ICOs and their Regulatory Implications, Question and Answer with Business Analyst Alex Rogers

Posted by Shirjeel Fahid on 08-Jan-2018

Q&A Alex Rogers: ICOs and their Regulatory Implications

To find out more about this topic, we speak with our Business Analyst, Alex Rogers.



Can you explain briefly what an ICO is and how it differs from other forms of capital-raising?

An ICO or Initial Coin Offering, is a means for start-up businesses to raise capital for a blockchain-based project. A company issues a cryptocurrency and trades this for either fiat money or a more established and therefore liquid, cryptocurrency such as Bitcoin or Ethereum.

How this differs from other forms of fundraising, such as an IPO, is primarily threefold:

  • Timing: Whereas a company looking to launch an IPO is usually at an advanced stage in its development, a company looking to launch an ICO may not even have a working product, rather relying on a blueprint for what that product will become, in the form of a whitepaper;
  • Equity: In an IPO, a company issues shares to investors in exchange for their investment and these shares carry ownership in the company. In contrast ICO tokens do not confer ownership;
  • Regulation: IPOs are subject to rigorous compliance requirements that are used to ascertain the strength of a company and that its shares are suitable to be listed on the particular exchange.
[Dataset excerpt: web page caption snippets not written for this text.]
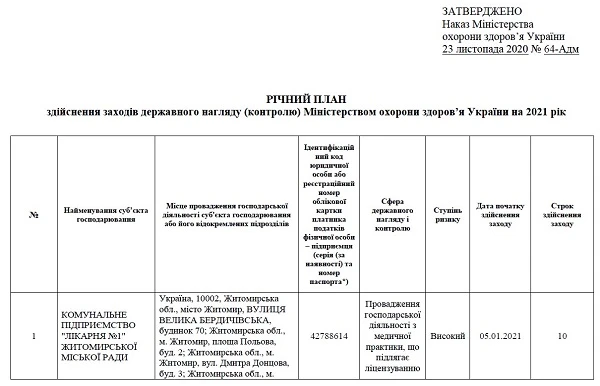 Річний план перевірок МОЗ — 2021
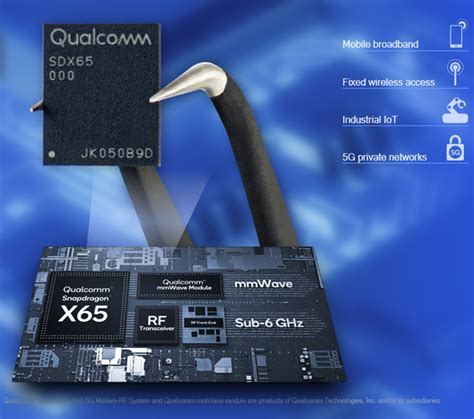 Qualcomm Anuncia Nuevas Funciones En El Sistema De Modem RF Snapdragon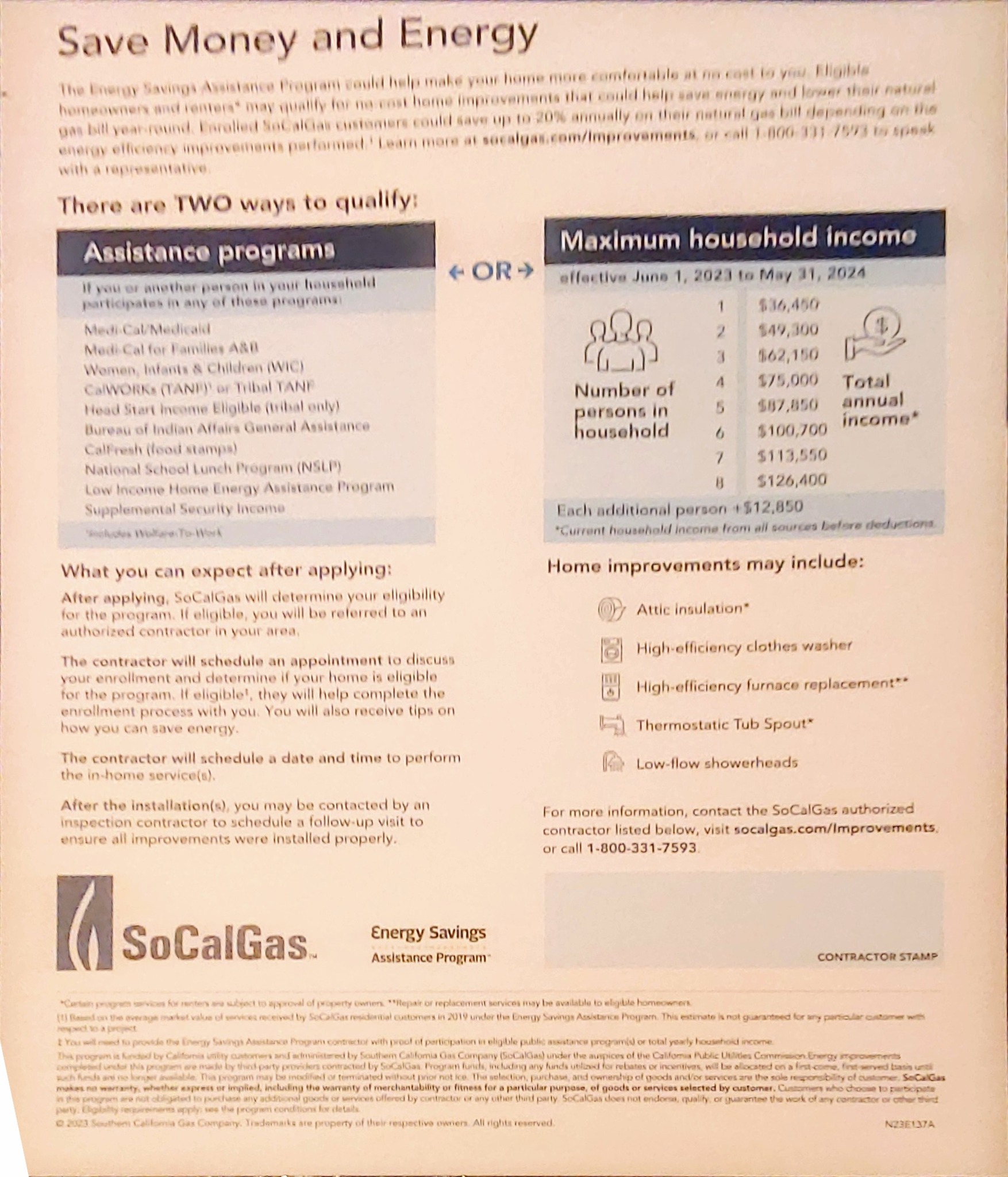 ESAP Program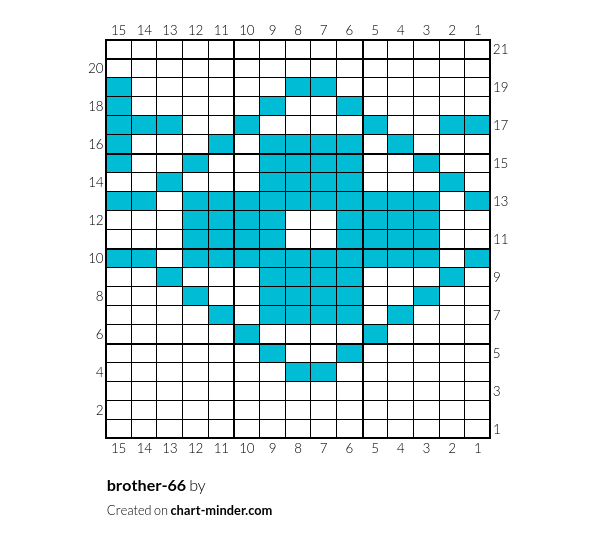 brother-66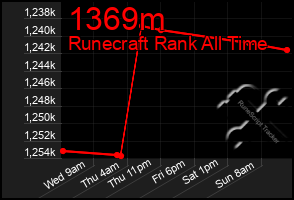 Total Graph of 1369m
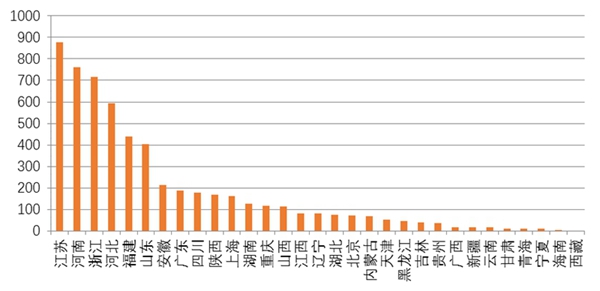 新澳门今晚必开一肖一特,统计数据解释定义_领航版59.894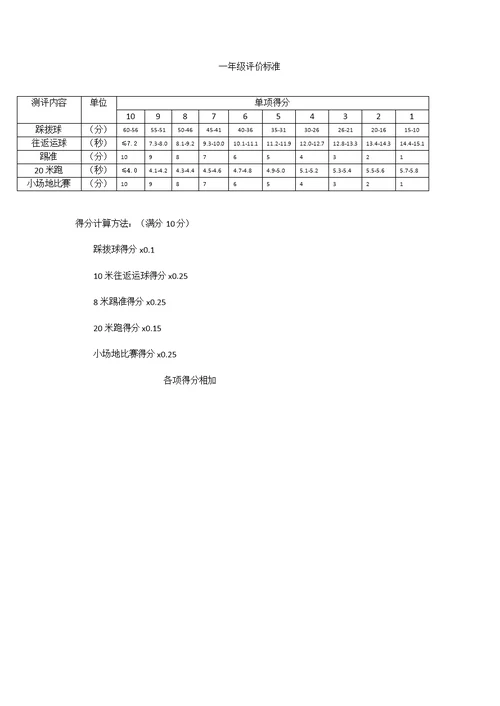 一实验小学足球技能评价标准(共7页)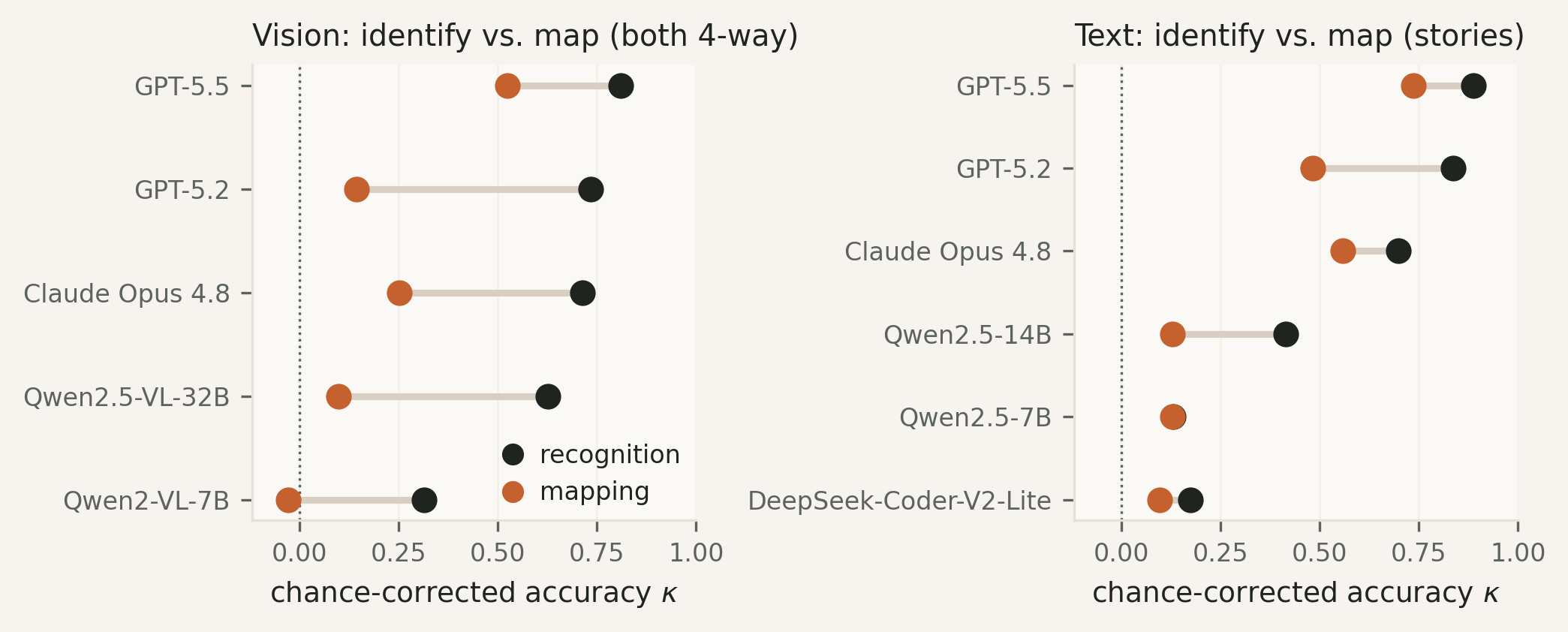 recognition vs mapping gap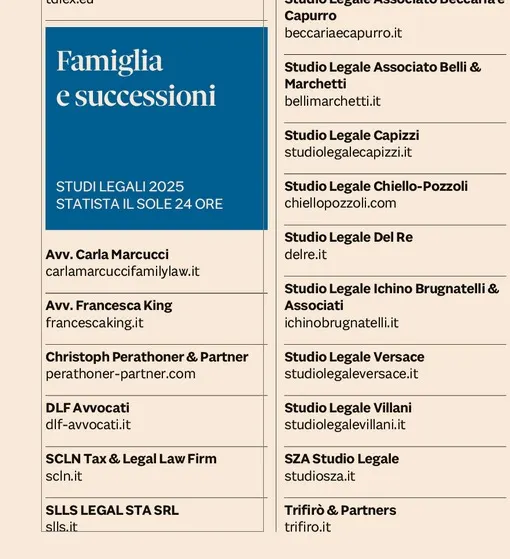Locandina: Studi Legali dell'Anno 2025 Sole 24h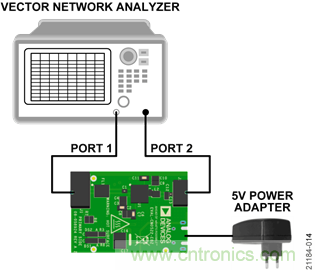 USB供電、915MHz ISM無(wú)線電頻段、具有過(guò)溫管理功能的1W功率放大器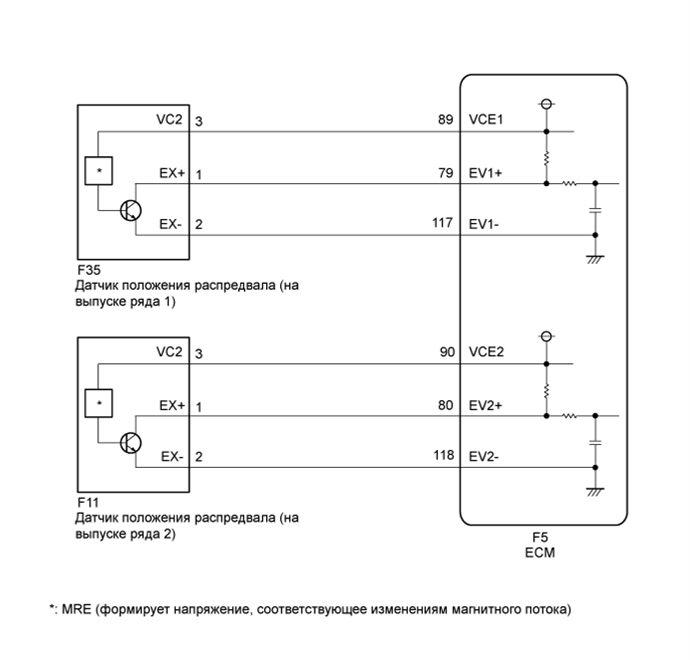 A01FSQAE01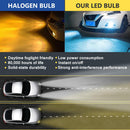 2 Pieces H8 H11 LED Fog Lights Car Head Light DRL Lamp Bulb Super Bright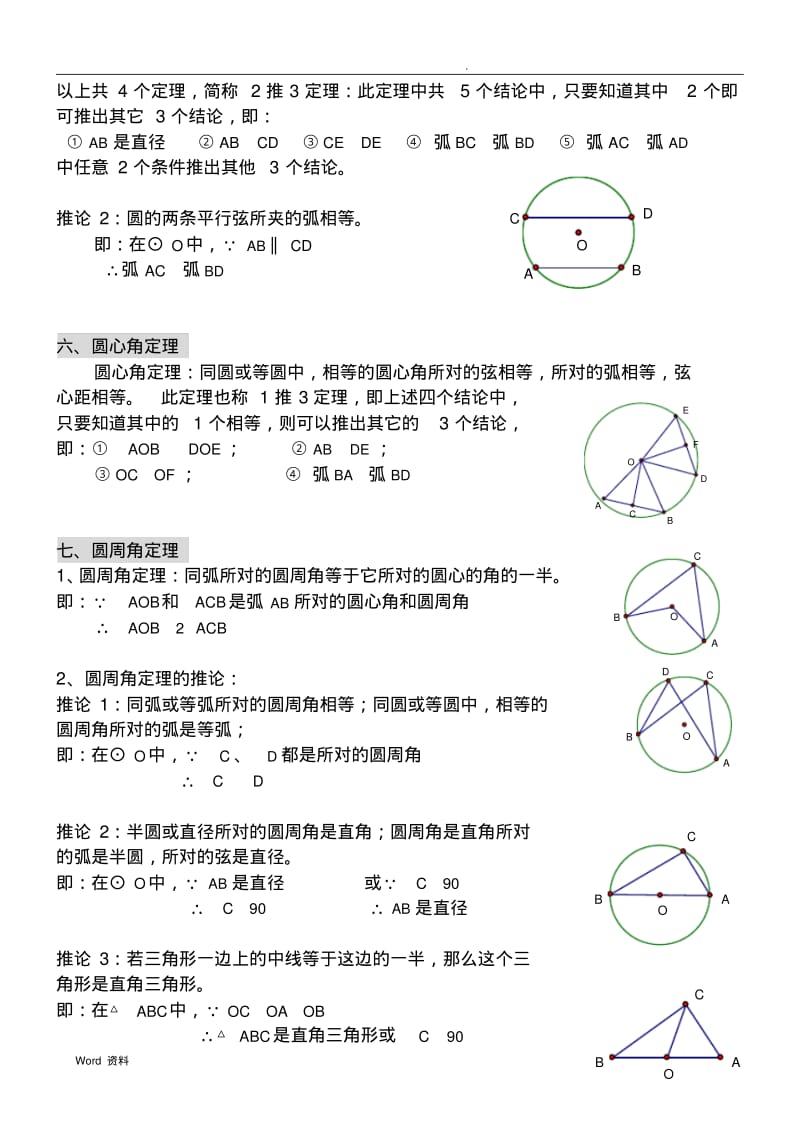 初中数学圆知识点归纳.pdf_第3页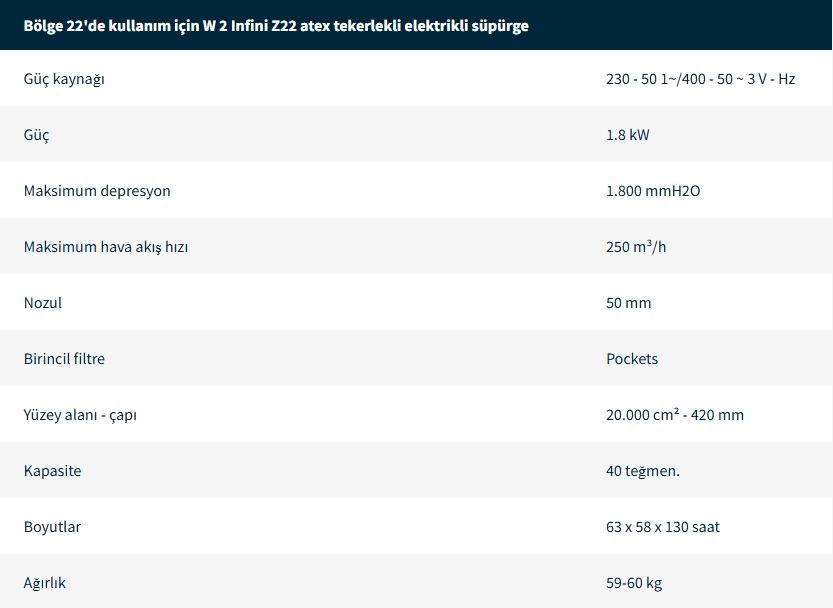 Endüstriyel Elektrikli Süpürgeler
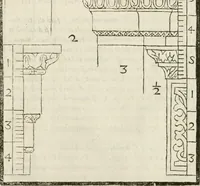 An illustration from Della architettura di Gioseffe Viola Zanini, padovano pittore et architetto, libri due : ne' quali con nuoua simmetria & facoltà si mostrano le giuste regole de i cinque ordini di detta architettura, & osseruationi de'più eccellenti architetti, che in quella habbiano dato ammaestramenti .. (1629)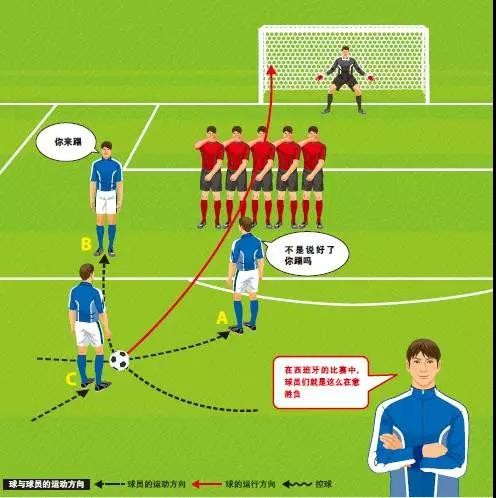 任意球指的是什么,任意球的理解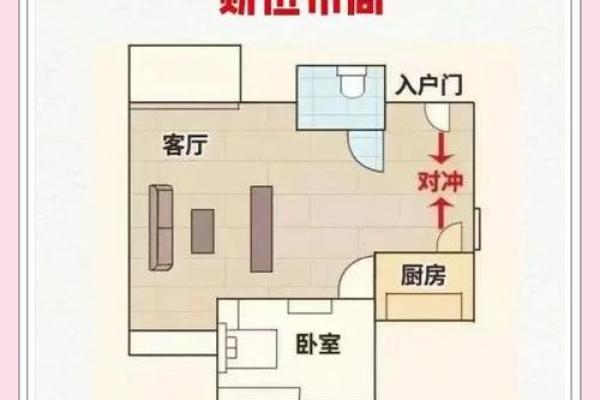 怎样利用客厅的家具来催旺风水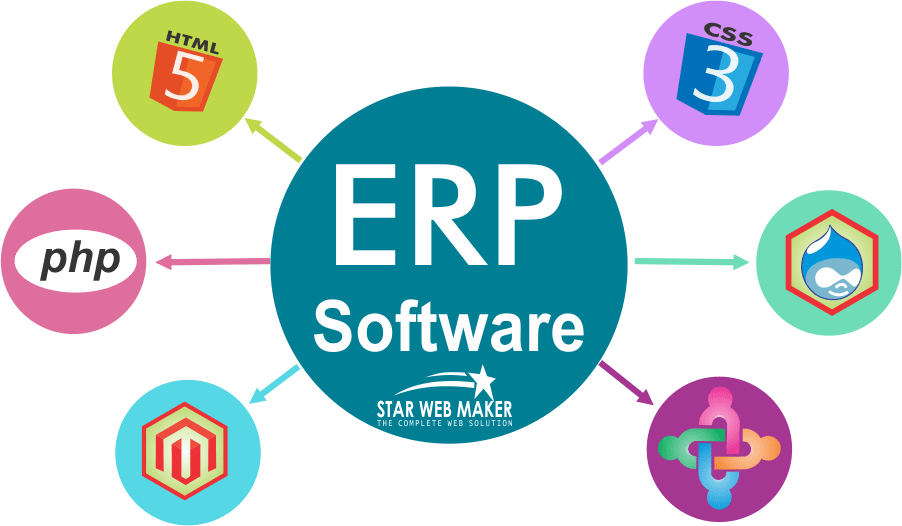 SOFTWARE FOR ENTERPRISE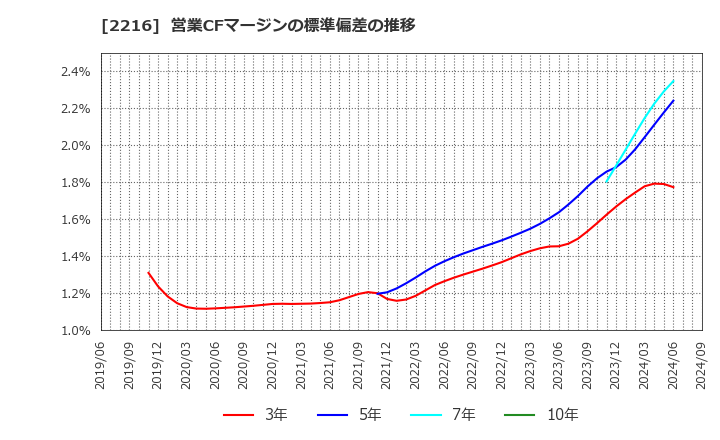 2216 カンロ(株): 営業CFマージンの標準偏差の推移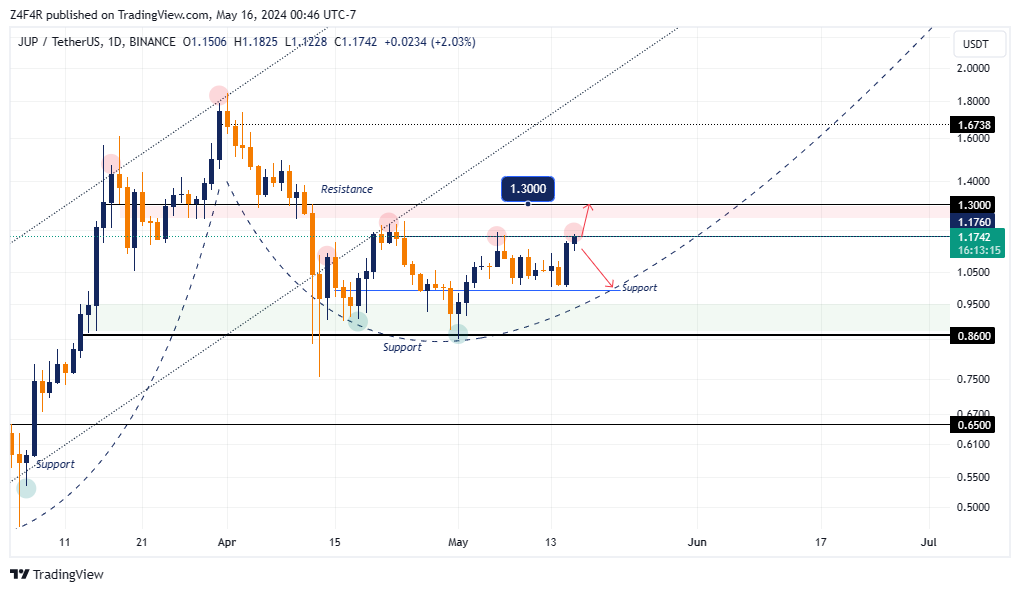 BINANCE:JUPUSDT Chart Image by Z4F4R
Even unregulated markets have detailed requirements with which companies should demonstrate compliance before listing becomes a possibility. By contrast, the cryptocurrency market in general and ICOs more specifically are unregulated. This is advantageous from a company’s perspective in that it can raise large amounts of capital to quickly fund its product without having to comply with potentially prohibitive regulatory responsibilities. Also, as aforementioned, investors in an ICO do not have equity in the company, making it very attractive to companies in terms of retaining control. This does however mean that investment in ICOs is a potentially highly risky from an investor point of view. The advantage is that the ROI can make it one of, if not the most profitable forms of investment. If you take the average return on the S&P 500 since its inception in 1928 being 10% and compare that with the rate of return on to take one example, the ICO that launched the blockchain platform Ethereum, whose ICO price was $0.311 per token compared with a current price of $1154.390, representing a 370,586% ROI, this is illustrative of why ICOs have captured investors’ imaginations. Investment in ICOs can be summed up in one phrase: extremely high-risk and (potentially) extremely high-reward.

Another form of capital-raising from which ICOs differ and to which they are sometimes compared, is crowdfunding.

The primary difference between crowdfunding and ICOs is the lack of an intermediary in ICOs. Where money is raised via for example Kickstarter or Gofundme, the platform is the conduit between investors and the company: Kickstarter must give the company raising the funds the money that has been raised, and investors rely on Kickstarter to deposit the funds with the company or issue them with refunds if the project does not reach its goal.

An ICO removes this third-party: investors directly fund the company carrying out the ICO and the company, not a third party, is responsible for returning funds in case the target amount is not reached.

This is in addition to the fact that crowdfunding platforms are usually registered and in compliance with applicable regulatory regimes, for example the JOBS Act in the US, again unlike ICOs.

Finally, people donating to crowdfunding projects do not generally expect to be rewarded. In contrast, ICO token holders expect the issued tokens to carry some utility, either by allowing them to use the token to access future services on the platform or participate in the running of the blockchain e.g. staking tokens to verify transactions on the blockchain and thereby gaining the reward of more tokens. The most common reason investors invest in an ICO is that they hope the value of the issued token increases, yielding them a profit.

Can you explain briefly how an ICO works?

A: company looking to undertake an ICO will publish a whitepaper explaining how the blockchain-based project will satisfy a particular need.

Whereas in an IPO a company will issue shares and sell these on a specified market, in an ICO a company will create a new digital currency and then give these in exchange for investment.

Although, as pointed out, the tokens do not confer ownership and nor do they entitle the owner to dividends, nevertheless if the company is successful in creating a product, its tokens will increase in value: indeed, in many cases these tokens can increase in value based purely on speculation.

A key component of how ICOs actually create and distribute tokens, as well as receive funds, are smart contracts.

A smart contract is essentially a computer programme that is stored on a blockchain. The smart contract executes certain outcomes (e.g. issuing tokens) on the completion of specified events (e.g. receiving funding for said tokens).

In this way, smart contracts can be utilised to create and distribute digital tokens during an ICO.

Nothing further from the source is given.